The Dunstan Groups sees the importance of keeping local farms viable as an essential part of our community, and is stepping up to help the Carolina Farm Trust with its fundraising event, the Carolina Jubilee. The Dunstan Group donated a tent with the Carolina Farm Trust logo for the Jubilee’s organizers, along with stickers that can help market the event that raises money for the Trust.
“We’re all about relationships and doing good for our community,” says Dunstan Group founder and President Scott Dunstan. “We love their mission to increase the availability of healthy and fresh foods for everyone and decided to ‘provide the shade’ for their upcoming Carolina Jubilee by donating the tent.” Donations like this one are an ongoing part of the Dunstan Group’s mission to build the communities around them through relationships and lending a hand where it’s needed.
Zack Wyatt, the founder of Carolina Farm Trust and creator of the Carolina Jubilee, is grateful for the generous gift. He calls the Jubilee a “labor of love.” Both the Trust and the Jubilee spring from Wyatt’s love of the farmland he grew up on in northern Virginia. As he saw farms disappear, he realized agriculture was “on life support,” he decided to do something about it.
“We want to rebuild the farming infrastructure, make local farms affordable to the community,” says Wyatt. “We’re focused on rural community but also urban farms to support urban areas.”
Wyatt picked Van Hoy Farms in Harmony, NC, (Iredell County) for the Carolina Jubilee because it’s in a rural area that’s centrally located to the region’s largest cities — Charlotte, Asheville, Hickory, and Greensboro/Winston-Salem.

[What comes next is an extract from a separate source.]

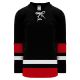 H550C Pro Hockey Jersey - 2002 Team Canada Black - Front H550C Pro Hockey Jersey - 2002 Team Canada Black - Front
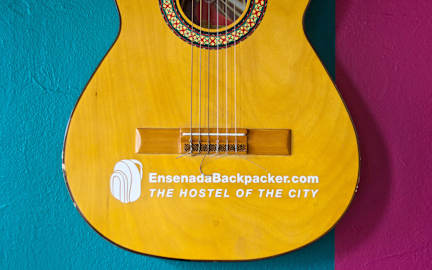 Foto di Ensenada Backpacker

Wyatt thought that was a good place for NC residents to learn about farming without going too far from home.
“We want to get people out of the city into the country and relate,” he says. “We were trying to connect people with food and where it comes from — in a venue that’s easy, approachable, and fun, to celebrate Carolina agriculture and the affiliates with it.” The two-day festival will include food from Carolina farms, local breweries, and some tasty cocktails.
It’s a goal as simple as the food we eat, and Dunstan Group is happy to throw a little “shade” — and awareness — to bring everyone to the table.